Once in the nacelle, lack of space is a major concern. Very often the technician is only able to access the machines from one side. Does your laser system allow you to switch the viewpoint of the machine train? Does it let you move the generator into alignment with the gearbox even if you have to place it at the left end of the machine train on your alignment computer’s screen?
Not least of the challenges facing the alignment technician is ascending the turbine mast to the nacelle with the equipment necessary to perform the alignment. Unless the technician is athletically inclined and believes he or she can arrive at the nacelle with enough energy left to do the job (Fig. 2), valuable crane or helicopter time must be scheduled (Fig. 3). Thus, careful planning is needed to keep costs from escalating out of control.
Obtaining correct target specifications for a good alignment under running conditions to feed into your laser system is extremely important. Wind turbines are notoriously flexible structures. Thus, changes in wind speed and direction, generator load, and temperature can have a very significant effect on the shaft alignment between the gearbox and generator. A good quality coupling is essential to withstand these variations but does not excuse a poor alignment, because although the coupling may be able to take it, the bearings and the gearbox won’t. Excessive vibration and the resulting radial and axial loading on the rotating components will decrease efficiency and shorten operating life drastically. Therefore, your laser system must be able to handle target specs so that you can compensate for the positional changes that occur between the stopped (unloaded) condition at time of alignment and the running condition. One system successfully tested for monitoring positional change in the turbine generator train is Permalign®. An extensive study performed by Pruftechnik and Nordex in Germany demonstrated its viability. Immensely valuable data was collected that permitted the generator and gearbox to be misaligned in such a way that they would grow into alignment with each other under average operating conditions (Fig. 4). Vibration was significantly reduced, and operating efficiency and longevity increased.
Mounting your brackets can be a challenge in tight spaces. Does your system offer compact magnetic brackets with offset adapters as well as chain brackets?

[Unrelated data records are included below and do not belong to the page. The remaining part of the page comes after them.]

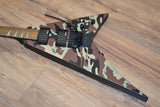Jackson X SERIES RHOADS RRX24 CAMO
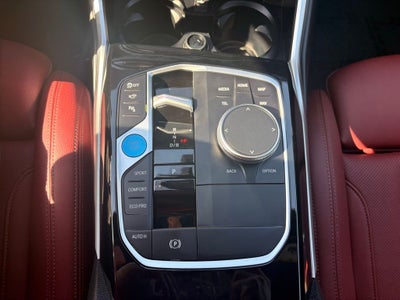 2023 BMW i4 eDrive35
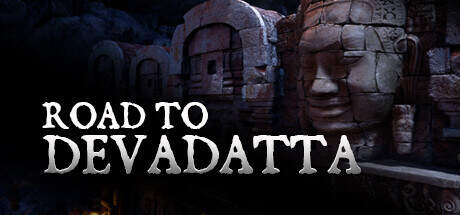 Road To Devadatta-DARKSiDERS Road To Devadatta-DARKSiDERS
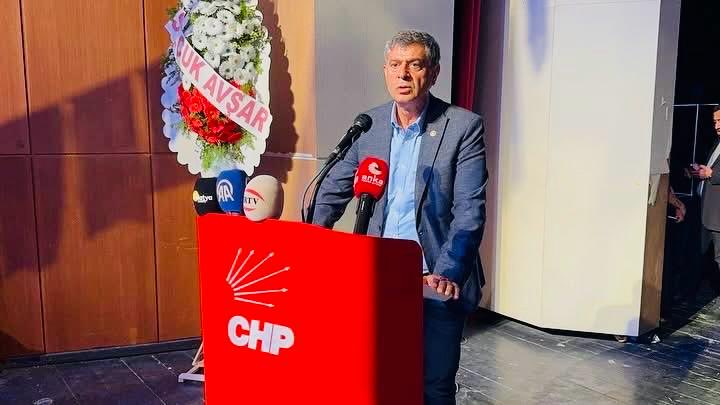 ESKİ CHP TUNCELİ MİLLETVEKİLİ 
<a href="/PolatSaroglu/">Polat ŞAROĞLU</a> “DELEGE SEÇİMLERİNE MÜDAHALEM OLMADI" 
yerelinsesi.com/eski-chp-tunce… <a href="/Chptunceliil/">CHP Tunceli İl Başkanlığı</a> <a href="/chptunceligk/">CHP Tunceli Gençlik Kolları</a> <a href="/chptunceligenc/">CHP Tunceli Gençlik </a> <a href="/herkesicinCHP/">CHP 🇹🇷</a>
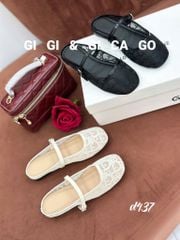 Sục bệt ren D437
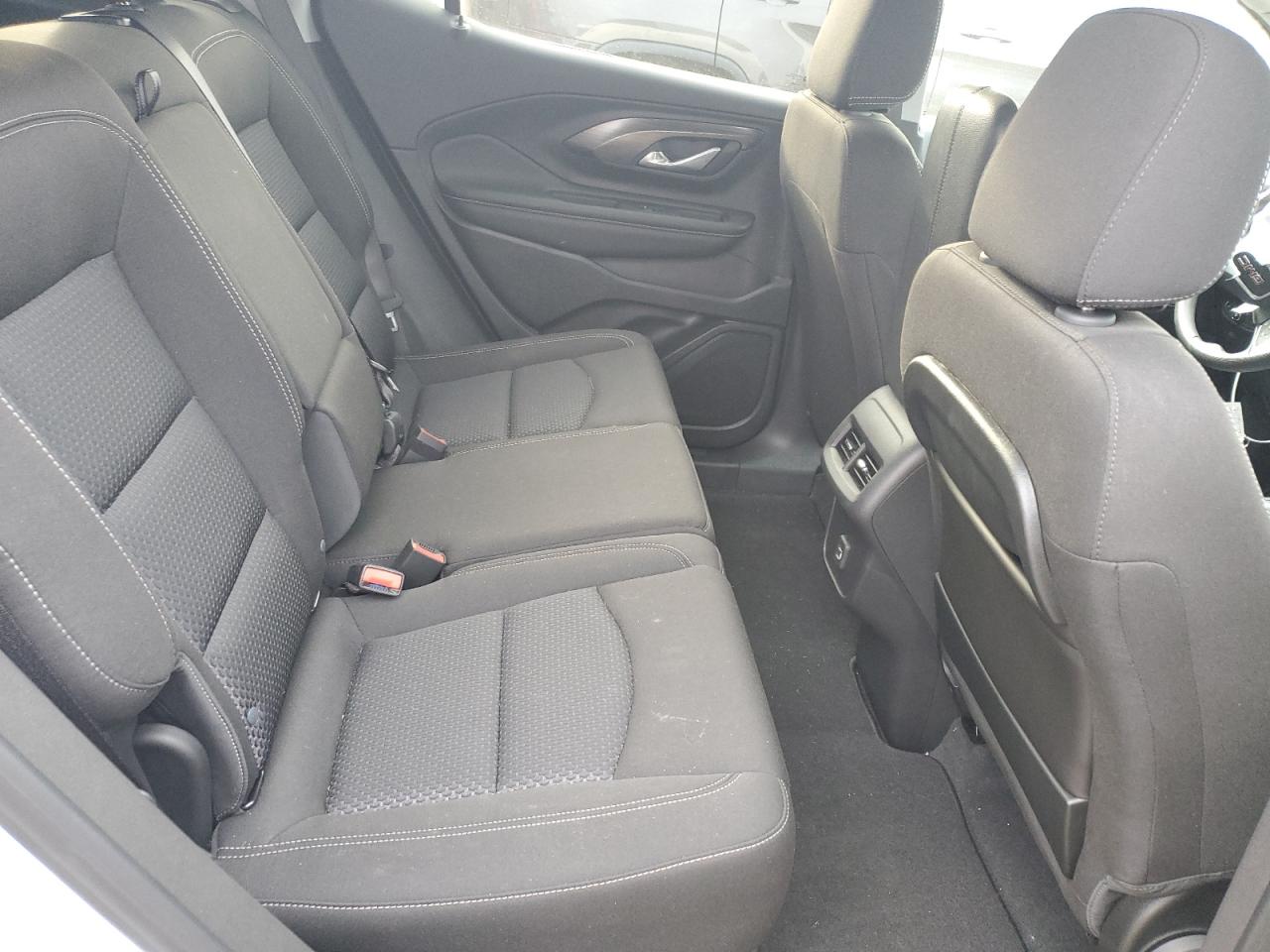 2024 GMC Terrain Sle VIN: 3GKALMEG6RL380328 Lot: 90894845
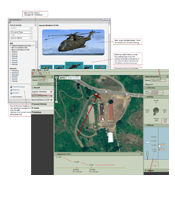 Flight Simulator Platform
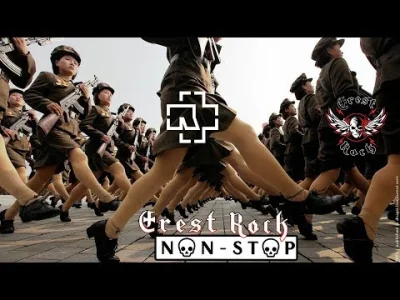 LostHighway - #muzyka #Rammstein (cover) z #chiny +#swiat #wojsko

#rozowepaski + #...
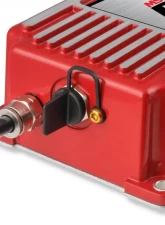 MSD DIS Direct Ignition System Control Box - Red                                     - 6015MSD - Image 5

In Fig. 5the laser emitter is mounted on a magnetic bracket with offset adapters directly to the brake disc on the gearbox output shaft, behind the flex plate of the fiber spool piece coupling. The disc brake mechanism impedes a full rotation of the shafts.

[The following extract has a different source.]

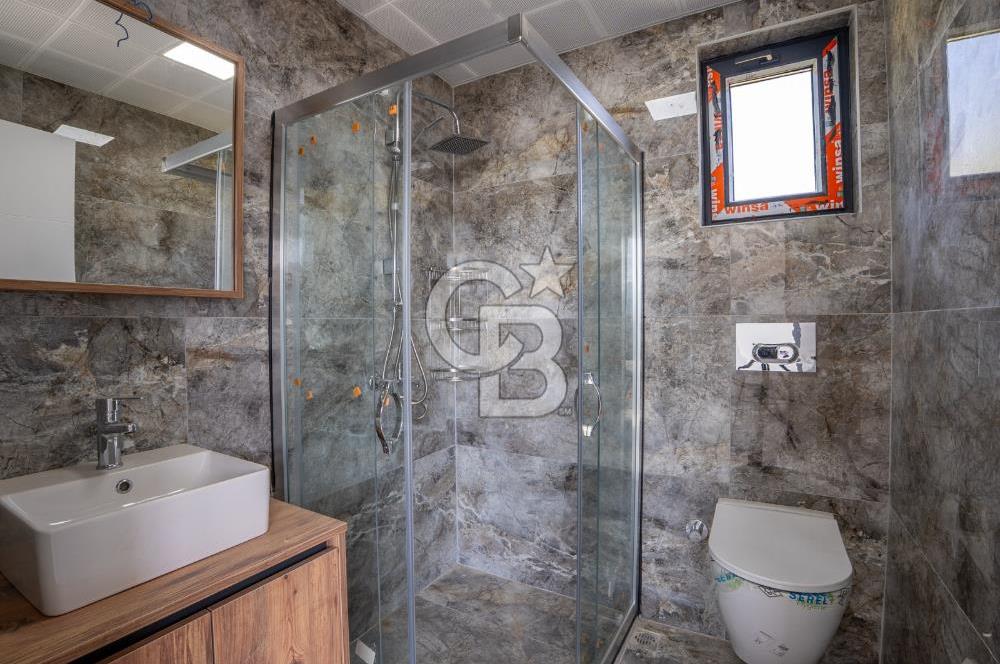 Ula Ataköy Mahallesi'nde Satılık Villa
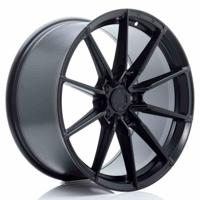 Autovelg Japan Racing SL021995F25I4072BF Zwart PCD 5x120 ET40 19" CB 72,6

The vertical adjustment of the gearbox is usually undertaken with hydraulic jacks or with conical counter-rotating adjustment pads, rather than with shims (Fig. 6). This requires your laser system to be able to simultaneously monitor vertical and horizontal moves, in real time.

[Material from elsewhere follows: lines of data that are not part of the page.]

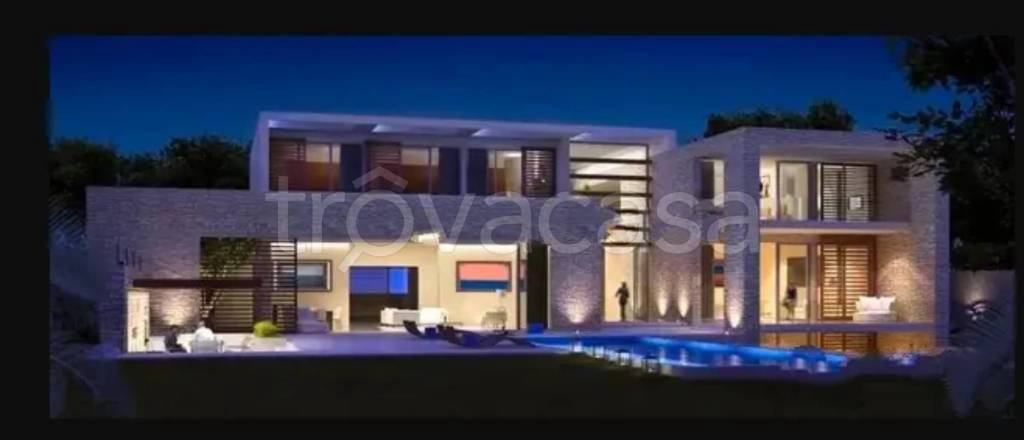 casa indipendente in vendita a Trana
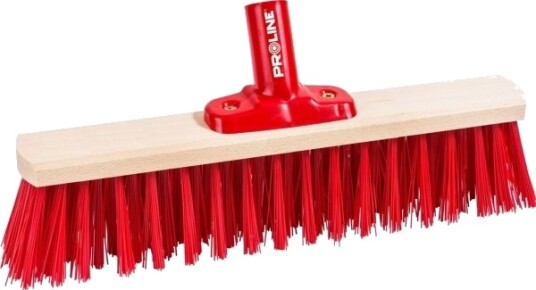 Krups Street Sweeper "Click" 300 Mm Pet Børstler Proline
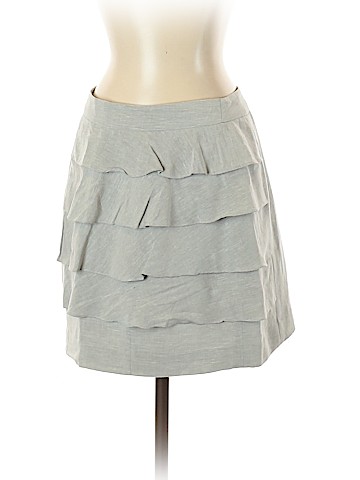 Badgley Mischka Casual Skirt (view 1)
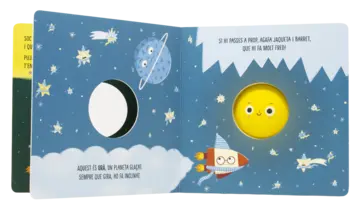 Imagen extra Mi primer sistema solar 0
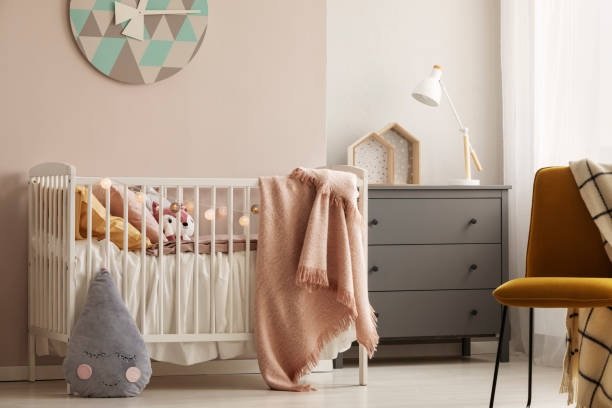 Premium Quality & Safe Baby Cots in Singapore: Perfect for Your Little One’s Comfort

Another critically important feature your laser system should possess is “standard deviation.” Since time is of the essence and shaft rotation may be limited, it is very important for the technician to be able to assess the quality of his or her readings immediately, while simultaneously eliminating needless repeatability checks. The ability to individually disable aberrant measurement points within a set of readings is imperative. For a greater understanding of the subject of measurement quality and standard deviation in shaft alignment readings, we refer the reader to a PowerPoint presentation, as well as an article on turbine alignment, which can be found on LUDECAwind’s Web site, listed at the end of this article.
Only the best laser alignment systems unite all of the necessary features and functionality required to perform accurate and timely wind turbine shaft alignment. This is one critical aspect of wind turbine maintenance where skimping with a cheap laser system will cost you dearly. Buying the right system pays off immediately in labor savings, operational efficiency and, crucially, in unnecessary repairs and their concomitant unscheduled downtime.